主な業態 「ドンツッキ」「ヴィーノ エ ラーボ」「エヴィーノ」「酒晴」「かわ焼きまいける」「いっぷく」
企業HP http://www.boucila.jp/

あのチームには「高橋兄弟」がいる。

「高橋兄弟」と知れ渡っていたらしい。今回、ご登場いただいた高橋氏の子どもの頃の話である。「兄は、エースで四番。私は快速の一番バッターでした。小・中の話ですが、けっこう強いチームで、なかでも私たち兄弟は、あのチームには高橋兄弟がいると言われていました(笑)」。
スポーツ万能な兄弟2人。ケンカもしたが仲も良かった。
弟の高橋は、1976年11月14日、東京の府中に生まれる。
「父親はわりと大きな米屋で勤務していました。勤務先で母親と知り合って結婚したそうです。

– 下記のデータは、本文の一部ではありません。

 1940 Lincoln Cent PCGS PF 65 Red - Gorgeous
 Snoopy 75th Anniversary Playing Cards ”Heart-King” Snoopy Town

我が家は放任主義で、私ら兄弟は特に何か言われたことはありません。代わりに自己責任。だから、放任主義と言っても甘やかされていたわけではない。けっして裕福ではありませんでしたが、家族全員、仲が良かったと思います」。
子どもの頃になりたかったのは、新幹線の運転手。飲食の仕事に就こうと思ったのは、ずいぶん大人になってからだった。
「新幹線の運転手」。淡い憧れのもう一方に、現実があった。「お金がないわけですよ。家に。だから、お年玉も没収されてしまう。そうこともあって、私ら兄弟は私が3年のときかな、それくらいから新聞配達をはじめました。野球もやっていたので、朝刊のみです。それでも、子どもにとってはいいお金になりました(笑)」。
中学になってからは、運送業者で勤務した。むろん、バイトだが、月に数万円。高校生になってからも同じ運送業者でバイトし、月20万円くらいにはなったそうだ。
少年の頃から、高橋は、独立志向があったという。たしかに、当時から「自立も、自律も」経験していた。
ちなみに、本文とはあまり関係がないが、小学生時代、最後の野球の試合で、高橋はトンネルをする。そのエラーが、決勝点となって惨敗。足元をすり抜けたボールの軌跡をいまも高橋は忘れていない。

でかいカブト虫とでっかい海。

父方の田舎に行ったことも、子どもの頃の記憶として鮮明に残っている。
「父は秋田出身。田舎というか、秋田のなかでも、さらに山奥。良く言えば、大自然のなか。でっかいカブト虫とかもいたりして…。虫取りとかにも熱中していました」。
新幹線の運転手になりたいと思ったのは、この時に乗った東北新幹線の車上でのことかもしれない。
ところで、小・中と野球漬けだった高橋。高校に進学すると、ラグビーに鞍替えしている。野球とはまた違ったスポーツを試してみたかったそうだ。
高校を卒業した高橋は、大手印刷会社に就職する。「喰うに困らないだろう」という動機。この会社には、22歳まで4年間勤務している。
大学進学は考えなかったのですか? と聞いてみた。「お金があれば、100%進学していました(笑)」と少し悔しそうな表情をする。「進学するなら、自分で働いて」というのがご両親の指示だったらしい。「結局、私は就職するのですが、この頃から独立への思いが大きくなりました」。でも、何をして独立すればいいかわからない。だから「ひとまず就職した」というのが本音。「喰うに困らないだろう」という選択肢もわからなくもない。
では4年で、やりたいことがみえてきたのだろうか。
「海が好きだったんです。そういうこともあって、2つの選択肢がありました。海外を一周するか、海に関わる仕事をするかです」。で、後者を選択する。自然を相手にしようと思ったあたり、少年の頃に大自然のなかで遊んだ記憶があったからだろうか。
ともかく、高橋は海上保安庁への転職を決意する。海猿である。「あ、海猿とはちょっと違うんです。私がめざしたのは、海中でモノを探したり、橋桁の工事をしたりする仕事です。それで、潜水士の資格も取得しました。でも、ダイビングの経験が足りなかったんです。それで、沖縄の宮古島へ。早く、経験を積んで、海上保安庁に転職しよう。それが、目的だったんですが(笑)」。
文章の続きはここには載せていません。